6. Extensions and Research Directions

Several promising directions and extensions are under active investigation:

Joint Dynamics and Policy Learning: Wrapping system identification and DPC into a unified differentiable loop to enable rapid adaptation on unknown or changing systems (Drgona et al., 2020, Zuliani et al., 5 Jan 2026).
Structured and Physics-Informed Architectures: Replacing generic feedforward networks with SINDy, graph neural networks, or prior-informed blocks for improved generalization, interpretability, and sample efficiency (Drgona et al., 2020, Drgona et al., 2021).
Advanced Gradient Estimation: Blending model-based and model-free (zeroth-order) gradient signals for robust policy learning under model mismatch and in non-smooth objective landscapes, with provable convergence (Zuliani et al., 14 Nov 2025).
Automated Safety Set Construction: Leveraging data-driven or learned safe regions and event-triggered safety filtering for tractable yet effective safety certificates in high-dimensional domains (Viljoen et al., 2024).
Bilevel Optimization: End-to-end trainable closed-loop architectures that embed perception or estimation networks, bridging classical pipeline modularity with learning-based adaptivity (He et al., 17 Apr 2025).
Scalable and Real-Time Solvers: Further acceleration and scalability via parallel architectures and custom GPU implementations, facilitating deployment in high-frequency and large-scale applications (Adabag et al., 7 Oct 2025).

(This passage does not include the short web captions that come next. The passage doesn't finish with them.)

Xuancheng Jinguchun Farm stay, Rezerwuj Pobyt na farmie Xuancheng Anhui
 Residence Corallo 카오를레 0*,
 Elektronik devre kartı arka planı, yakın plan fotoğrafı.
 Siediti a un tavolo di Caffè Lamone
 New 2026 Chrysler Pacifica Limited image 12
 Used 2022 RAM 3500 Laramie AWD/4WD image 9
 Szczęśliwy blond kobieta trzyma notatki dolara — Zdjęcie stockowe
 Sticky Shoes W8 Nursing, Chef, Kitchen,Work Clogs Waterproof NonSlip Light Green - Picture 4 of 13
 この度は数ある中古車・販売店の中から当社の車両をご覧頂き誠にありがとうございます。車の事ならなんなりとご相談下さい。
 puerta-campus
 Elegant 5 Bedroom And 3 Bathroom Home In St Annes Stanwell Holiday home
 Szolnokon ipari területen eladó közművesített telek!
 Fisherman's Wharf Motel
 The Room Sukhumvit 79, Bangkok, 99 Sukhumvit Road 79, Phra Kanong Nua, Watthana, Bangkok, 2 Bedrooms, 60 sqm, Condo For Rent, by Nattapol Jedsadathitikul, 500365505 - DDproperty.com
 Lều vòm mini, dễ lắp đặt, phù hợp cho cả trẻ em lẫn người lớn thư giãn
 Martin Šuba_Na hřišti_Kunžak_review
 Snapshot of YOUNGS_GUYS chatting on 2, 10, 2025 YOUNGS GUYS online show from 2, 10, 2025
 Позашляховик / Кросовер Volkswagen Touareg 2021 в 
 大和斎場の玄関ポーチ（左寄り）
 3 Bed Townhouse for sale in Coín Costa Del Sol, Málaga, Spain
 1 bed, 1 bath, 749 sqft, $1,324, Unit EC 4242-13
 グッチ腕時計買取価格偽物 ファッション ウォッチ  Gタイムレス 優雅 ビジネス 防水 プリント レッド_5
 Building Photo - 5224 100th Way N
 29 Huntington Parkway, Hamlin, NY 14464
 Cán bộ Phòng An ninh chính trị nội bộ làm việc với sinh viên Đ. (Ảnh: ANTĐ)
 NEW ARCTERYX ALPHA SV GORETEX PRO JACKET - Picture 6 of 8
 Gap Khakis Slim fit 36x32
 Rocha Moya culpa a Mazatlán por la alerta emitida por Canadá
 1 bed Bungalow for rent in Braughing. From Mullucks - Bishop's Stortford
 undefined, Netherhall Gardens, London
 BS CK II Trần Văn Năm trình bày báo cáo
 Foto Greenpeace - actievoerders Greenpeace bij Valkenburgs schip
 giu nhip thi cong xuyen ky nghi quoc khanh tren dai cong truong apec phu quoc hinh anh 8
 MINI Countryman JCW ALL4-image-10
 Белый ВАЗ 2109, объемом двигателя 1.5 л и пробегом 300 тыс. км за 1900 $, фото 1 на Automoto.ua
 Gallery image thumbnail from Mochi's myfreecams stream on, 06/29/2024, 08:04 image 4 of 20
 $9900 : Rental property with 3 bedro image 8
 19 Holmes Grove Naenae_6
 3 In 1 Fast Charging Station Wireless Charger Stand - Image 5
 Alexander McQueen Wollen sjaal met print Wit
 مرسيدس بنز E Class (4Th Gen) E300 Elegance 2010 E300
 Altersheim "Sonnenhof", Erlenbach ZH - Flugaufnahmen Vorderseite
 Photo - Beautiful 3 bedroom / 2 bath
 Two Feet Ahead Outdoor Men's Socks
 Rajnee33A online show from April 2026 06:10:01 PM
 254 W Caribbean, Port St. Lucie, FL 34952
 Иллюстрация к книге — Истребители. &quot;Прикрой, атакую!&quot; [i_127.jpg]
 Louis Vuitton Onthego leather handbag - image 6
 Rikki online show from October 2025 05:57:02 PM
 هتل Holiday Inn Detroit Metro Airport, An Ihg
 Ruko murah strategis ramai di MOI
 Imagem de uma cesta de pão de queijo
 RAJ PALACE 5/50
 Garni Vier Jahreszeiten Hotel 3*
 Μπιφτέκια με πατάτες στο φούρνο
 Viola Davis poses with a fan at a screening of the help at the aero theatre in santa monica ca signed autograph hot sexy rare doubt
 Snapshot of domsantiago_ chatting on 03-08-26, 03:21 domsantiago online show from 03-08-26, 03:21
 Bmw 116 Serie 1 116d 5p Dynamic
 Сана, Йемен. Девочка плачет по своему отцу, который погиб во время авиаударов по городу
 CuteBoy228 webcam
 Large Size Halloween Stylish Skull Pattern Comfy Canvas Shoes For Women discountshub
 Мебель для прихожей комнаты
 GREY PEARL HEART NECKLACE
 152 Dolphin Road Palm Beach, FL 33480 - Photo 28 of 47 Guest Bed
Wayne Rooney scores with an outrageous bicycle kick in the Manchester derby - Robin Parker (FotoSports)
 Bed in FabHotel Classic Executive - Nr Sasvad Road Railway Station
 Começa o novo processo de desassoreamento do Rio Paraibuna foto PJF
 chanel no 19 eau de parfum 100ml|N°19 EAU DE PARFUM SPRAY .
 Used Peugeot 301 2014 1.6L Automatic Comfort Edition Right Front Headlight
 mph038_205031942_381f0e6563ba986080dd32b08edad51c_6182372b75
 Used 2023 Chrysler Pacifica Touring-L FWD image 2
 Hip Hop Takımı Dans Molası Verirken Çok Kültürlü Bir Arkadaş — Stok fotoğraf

Overall, differentiable model predictive control offers a principled, scalable, and versatile foundation for integrating modern learning, safety, and robust control throughout the stack of real-world cyber-physical systems and robotics. The method bridges classic principles of receding-horizon control with the full expressive and computational power of gradient-based learning (Drgona et al., 2020, Amos et al., 2018, Zuliani et al., 14 Nov 2025).